A gift is one of the most powerful tools a first-time buyer has. Handled well, it's simple. The families who plan it early — the letter, the deposit, the paper trail — almost never feel the paperwork at all.

How Gold Lion Mortgages Can Help

A gifted down payment should make buying easier, not more stressful. Our job is to set it up so the gift does its work quietly in the background while you focus on finding the home.

We'll look at your income, your savings, and the gift, and tell you exactly what each lender will want to see — the gift letter wording, the deposit timing, and the source-of-funds trail — before it becomes a rush. We work with more than 30 lenders across A-lenders, B-lenders, and private options, so if your donor sits outside the standard immediate-family circle, or the money is coming from abroad, we match you to a lender whose rules fit your situation. If you're helping adult children buy, or being helped, our guide on how families help each other buy in Alberta walks through gifts, co-signing, and the other ways parents pitch in. And these gift dollars often stack with Canada's first-time home buyer programs for an even bigger down payment.

A smart first step is to get pre-approved so you know your number before you shop, and our first-time buyer mortgage page covers the rest of the process.

Call (587) 740-0048 or visit goldlionmortgages.com/apply. The first conversation is free and confidential.

Frequently Asked Questions

Who can gift a down payment in Canada?

For an insured mortgage (less than 20% down), the gift usually has to come from an immediate family member — a parent, grandparent, sibling, or child. Some lenders accept gifts from a wider circle like an aunt, uncle, or in-law, often with extra paperwork. If your donor is outside that circle, a broker can point you to a lender whose rules fit. You can read the basics on the Government of Canada's down payment page.

How much of my down payment can be a gift?

On many insured mortgages you can gift up to 100% of the down payment, so you don't need any of your own savings for that part. The exact amount depends on the lender and your overall file. You still need to cover closing costs and show you can carry the mortgage.
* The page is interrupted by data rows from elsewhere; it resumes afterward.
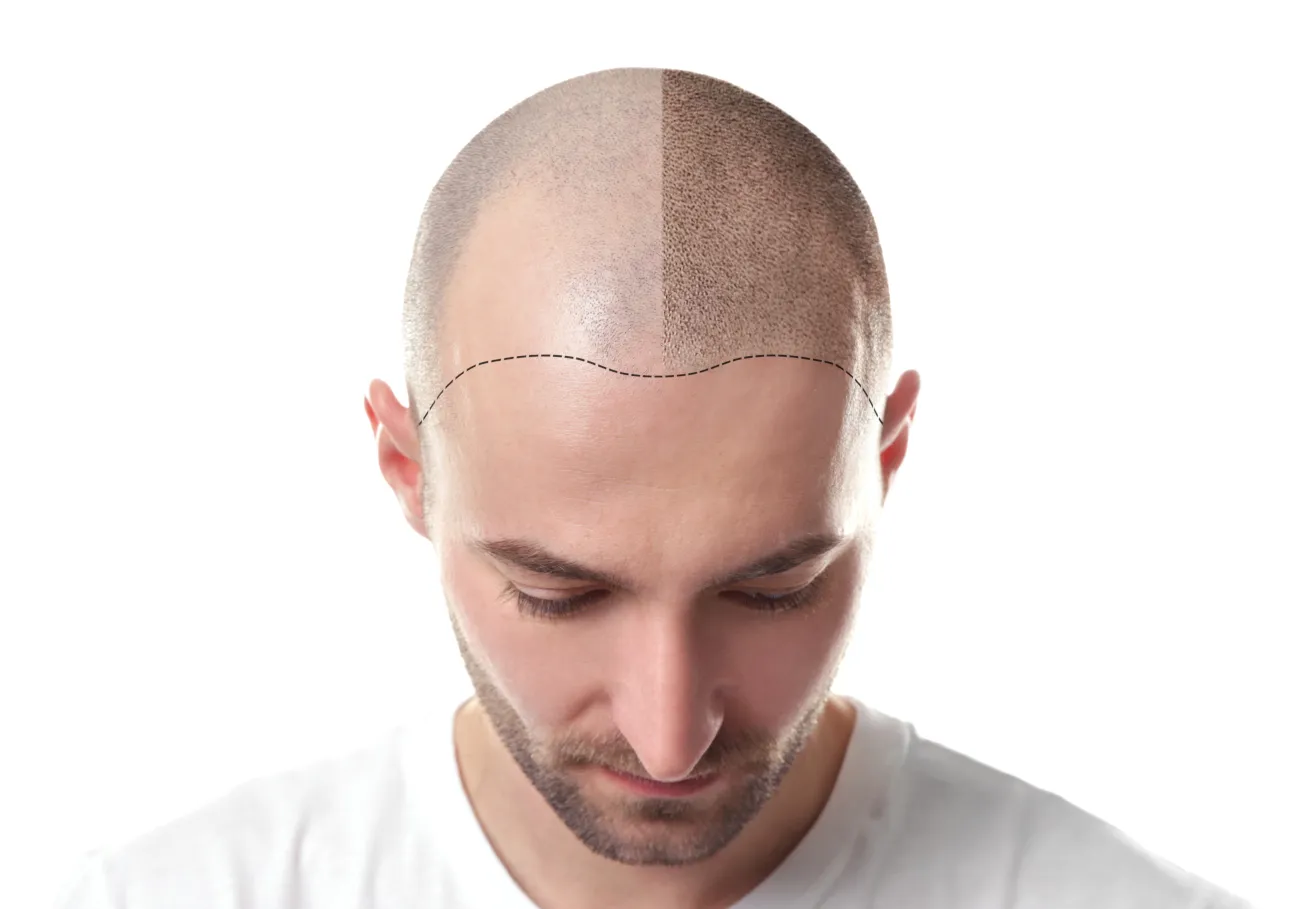 Affordable Hair Transplant Options: Quality vs. Cost Considerations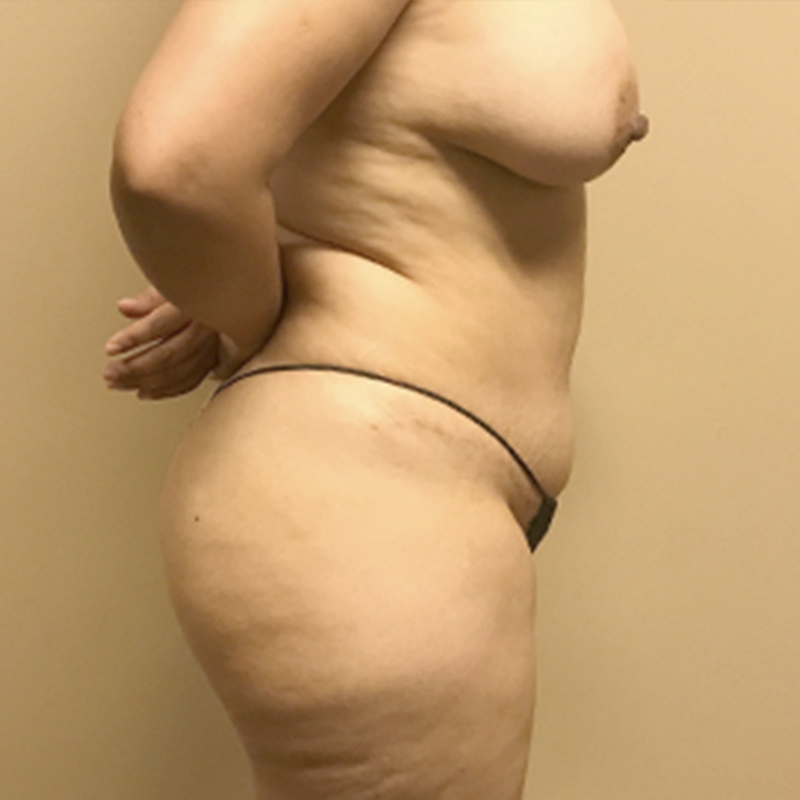 Liposuction Upper Back 05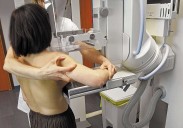 Buruaga dice que las críticas de Ammucam al cribado de cáncer son «poco afortunadas»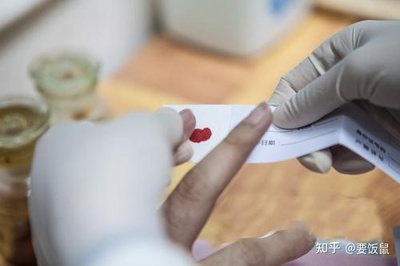 亲子鉴定多久出结果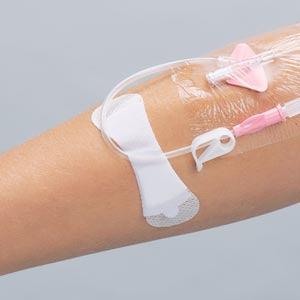 Securement Device, Universal, Small, Sterile, Individually Packaged, 100/bx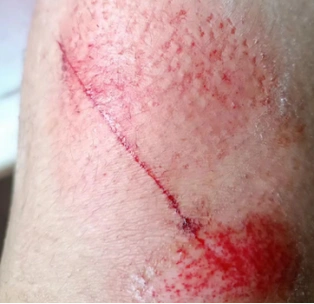 摔伤的腿.图片由受访者提供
What does a mortgage gift letter need to say?

A gift letter states the donor's name and relationship to you, the amount, the property address, and — most importantly — that the money is a true gift with no repayment expected. Each donor signs their own letter. If it reads like a loan, lenders treat it like a loan.

What is the 90-day rule for a gifted down payment?

Lenders verify where down payment funds came from to meet anti-money-laundering rules. When money comes from outside Canada or from someone who isn't immediate family, they often want to see a 90-day history showing the funds sat in the donor's account. Seasoning the money and keeping records makes this easy.

Does a gifted down payment need to be in my account before closing?

Yes. Lenders want confirmation the gifted funds have been deposited into your account — a bank statement or deposit slip — before or at closing. Don't leave it to the last day. Move the money early so it's documented and ready.